◆ WHAT TO PRODUCE
Every entry should be repeated exactly. Omit the pictures.

◆ DATASET RECORDS
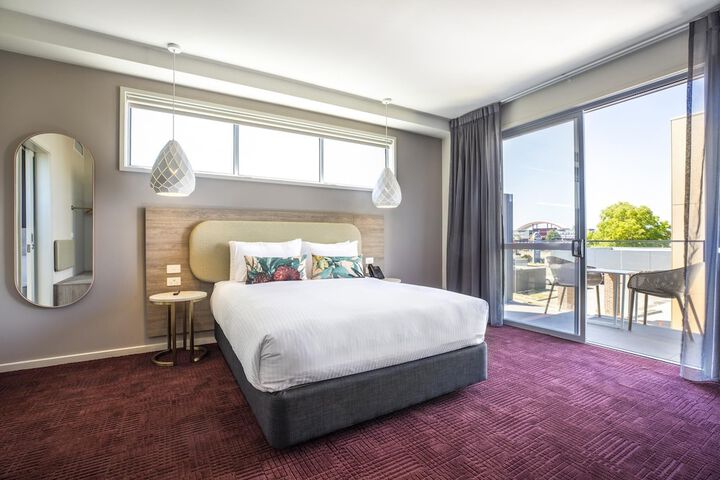 Room 16 of 74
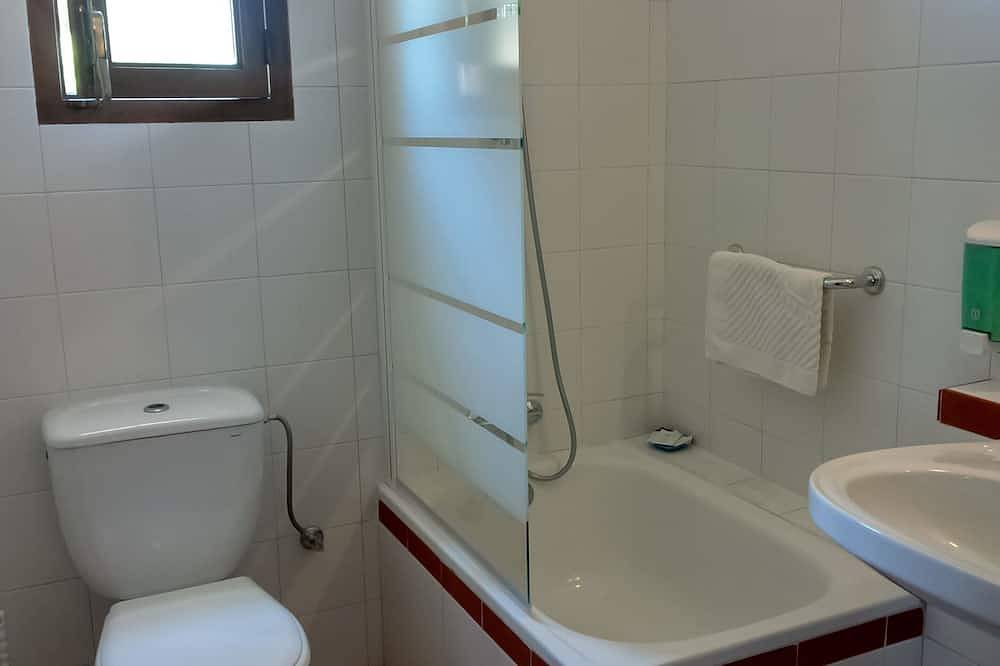 Casa Desmina 63 metros cuadrados con piscina, bicicleta, kayak, caja de seguridad y Wifi a Internet. in Playa de Zahora, Barbate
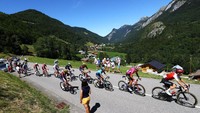 Magnus Cort Nielsen (kedua kanan) melalui etape 10 TDF 2022.  Etape dimulai dari dari Morzine menuju Megève sepanjang 148,1 km. Salah satu tanjakan panjang yang harus dilalui yakni dari Montee de laltiport de Megève hingga garis finish. Panjang tanjakan mencapai 19,3 km dengan gradien rata-rata hingga 4 persen. (Michael Steele/Getty Images)
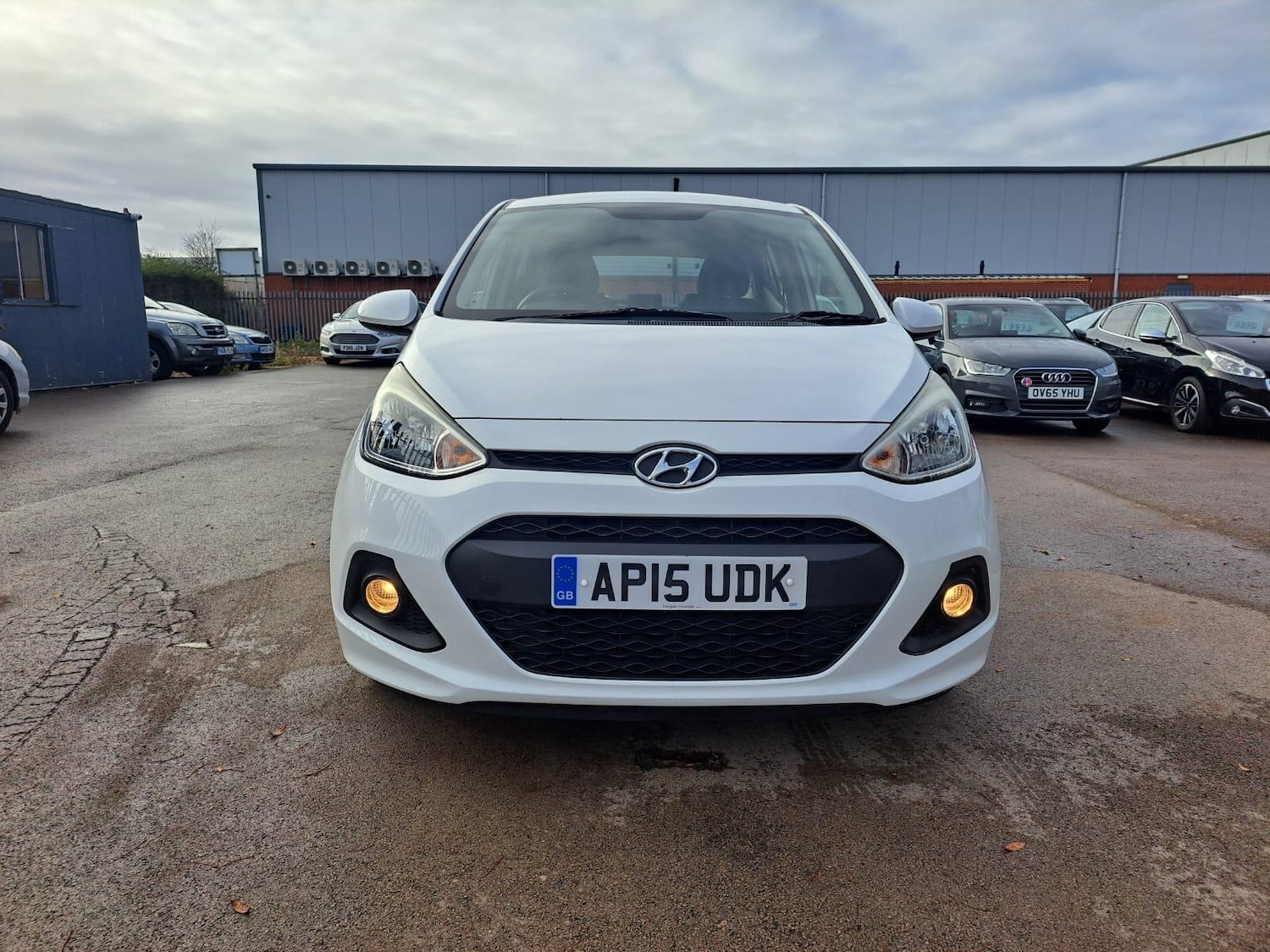 Used Hyundai i10 2015 for sale - 76634186: Photo 2
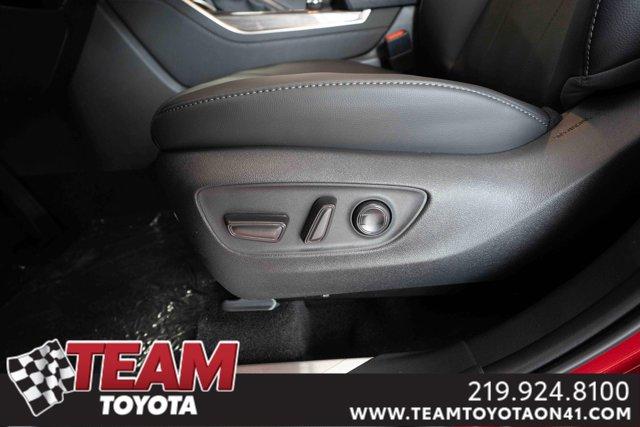 new 2025 Toyota Highlander car, priced at $54,571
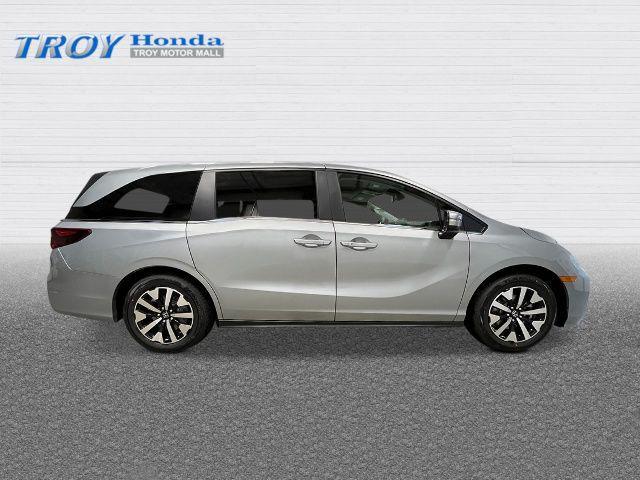 new 2025 Honda Odyssey car, priced at $43,670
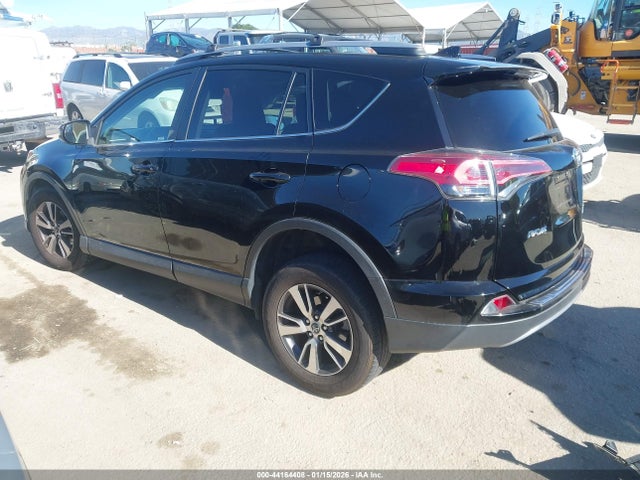 Toyota Rav4 Xle 2017 2T3RFREV3HW654142 Image 3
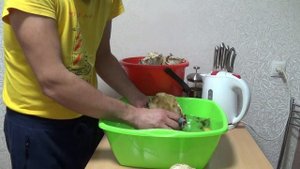 ЛАЙФХАК. Как быстро и без усилий почистить грузди.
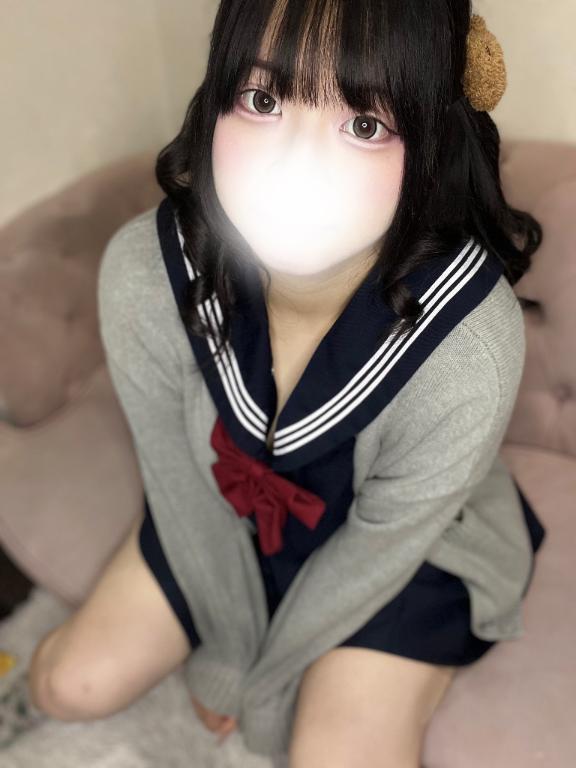 制服ぬぎぬぎ〜🎶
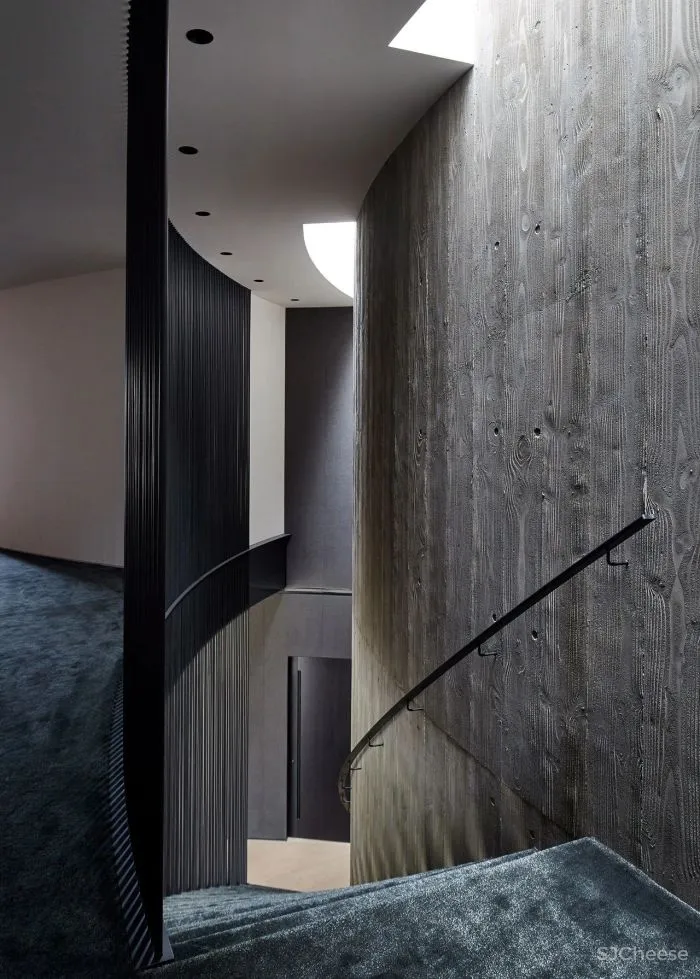 Wood Marsh Architecture丨墨尔本“雕塑”住宅，将现代艺术放大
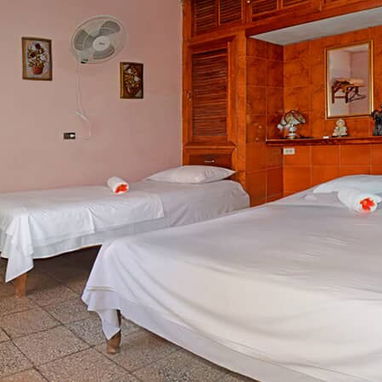 🏡 HOSTAL MARGERIS Y SEVERO – TRINIDAD, SANCTI SPÍRITUS - 5/10
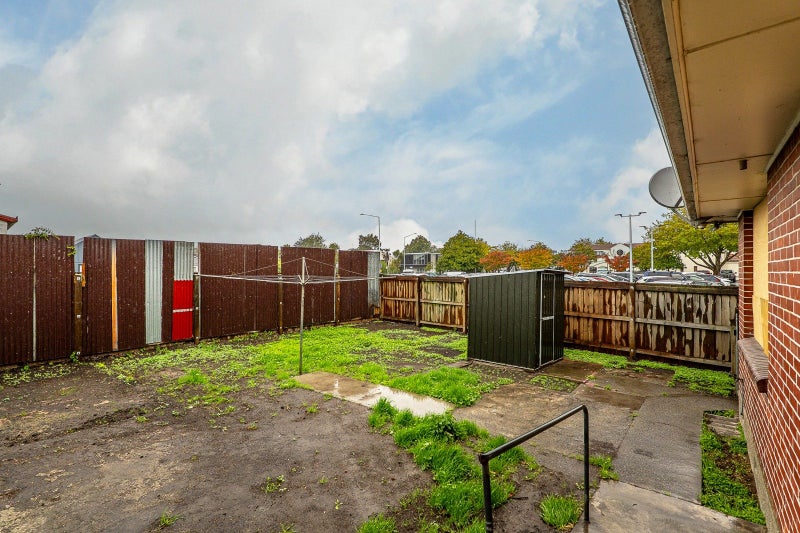 22 Caledonian Road, St Albans, Christchurch - Carousel 12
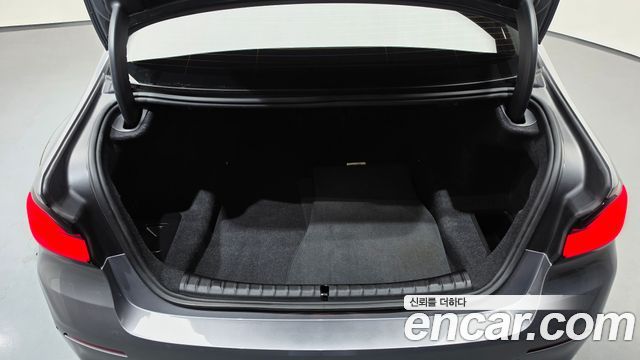 BMW 5 Series (G30) 530i xDrive Luxury 2023 — фото 20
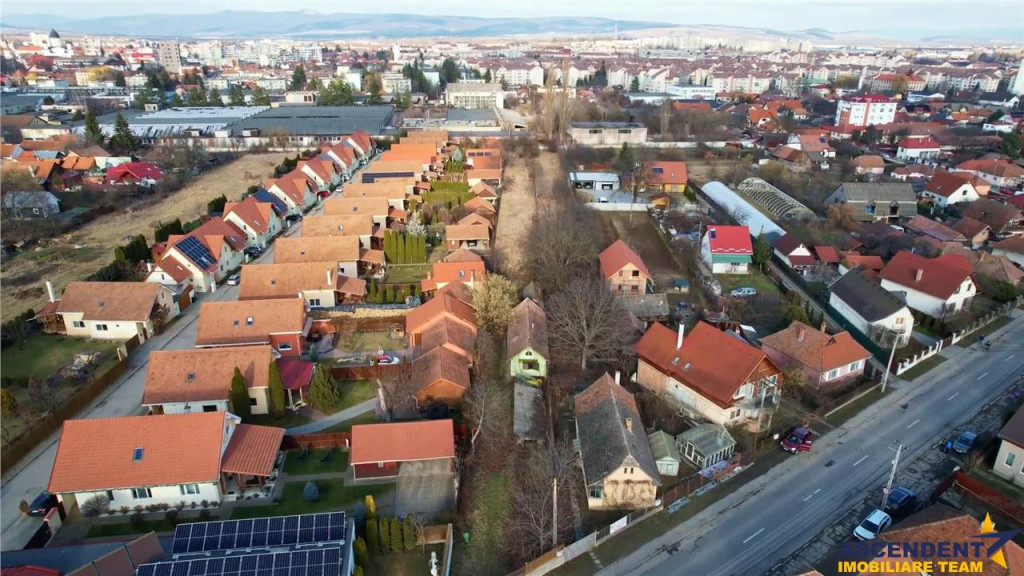 Casa cu teren intravilan 2.174 mp, str.Tigaratei, Sfantu Ghe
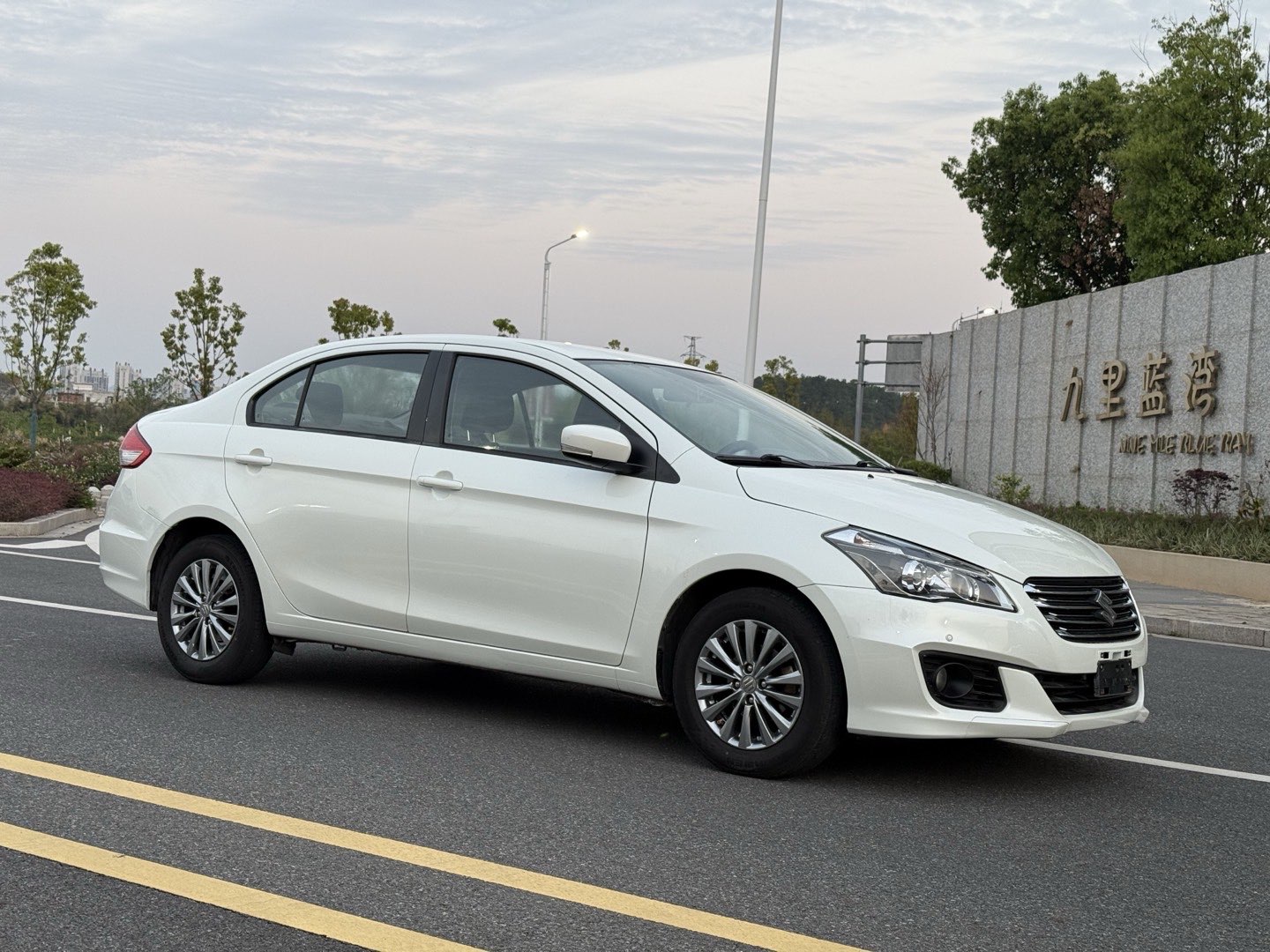 Suzuki Ciaz 2016 汽车图片 
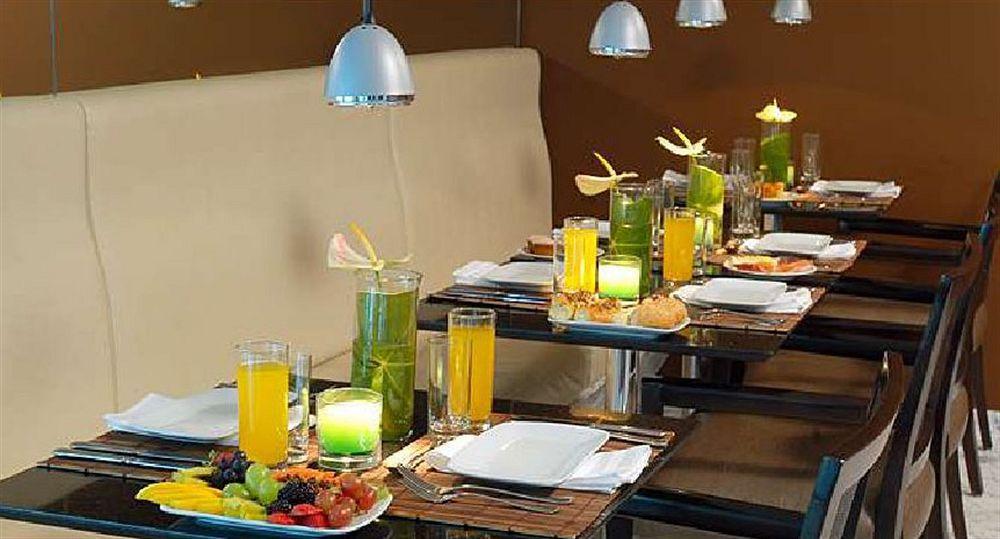 Florianópolis Majestic Palace Hotel מראה חיצוני תמונה A restaurant in the United States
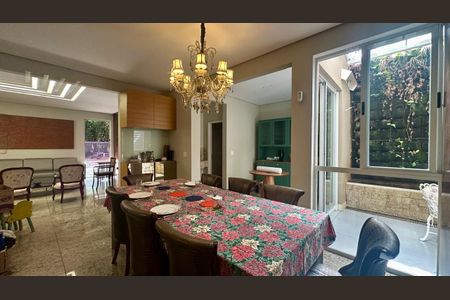 Casa à venda com 287m², 3 quartos e 3 vagasSala de jantar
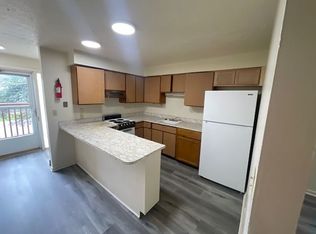 161 Cedar Ave #21, Ravenna, OH 44266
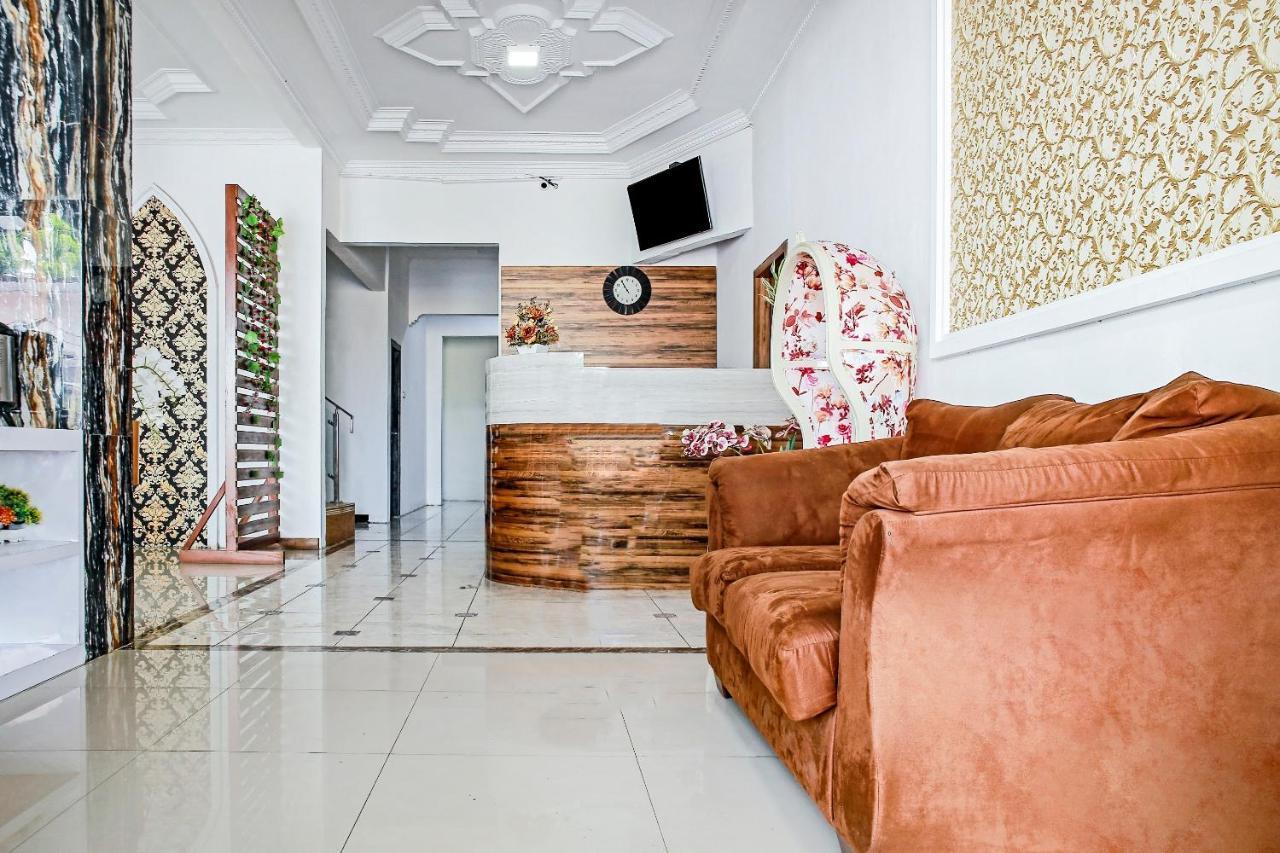 Oyo 90221 Makarim Guest House Syariah Pangkalan Bun Exterior photo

◆ RESPONSE TO THIS TASK
 Room 16 of 74
 Casa Desmina 63 metros cuadrados con piscina, bicicleta, kayak, caja de seguridad y Wifi a Internet. in Playa de Zahora, Barbate
 Magnus Cort Nielsen (kedua kanan) melalui etape 10 TDF 2022.  Etape dimulai dari dari Morzine menuju Megève sepanjang 148,1 km. Salah satu tanjakan panjang yang harus dilalui yakni dari Montee de laltiport de Megève hingga garis finish. Panjang tanjakan mencapai 19,3 km dengan gradien rata-rata hingga 4 persen. (Michael Steele/Getty Images)
 Used Hyundai i10 2015 for sale - 76634186: Photo 2
 new 2025 Toyota Highlander car, priced at $54,571
 new 2025 Honda Odyssey car, priced at $43,670
 Toyota Rav4 Xle 2017 2T3RFREV3HW654142 Image 3
 ЛАЙФХАК. Как быстро и без усилий почистить грузди.
 制服ぬぎぬぎ〜🎶
 Wood Marsh Architecture丨墨尔本“雕塑”住宅，将现代艺术放大
 🏡 HOSTAL MARGERIS Y SEVERO – TRINIDAD, SANCTI SPÍRITUS - 5/10
 22 Caledonian Road, St Albans, Christchurch - Carousel 12
 BMW 5 Series (G30) 530i xDrive Luxury 2023 — фото 20
 Casa cu teren intravilan 2.174 mp, str.Tigaratei, Sfantu Ghe
 Suzuki Ciaz 2016 汽车图片 
 Florianópolis Majestic Palace Hotel מראה חיצוני תמונה A restaurant in the United States
 Casa à venda com 287m², 3 quartos e 3 vagasSala de jantar
 161 Cedar Ave #21, Ravenna, OH 44266
 Oyo 90221 Makarim Guest House Syariah Pangkalan Bun Exterior photo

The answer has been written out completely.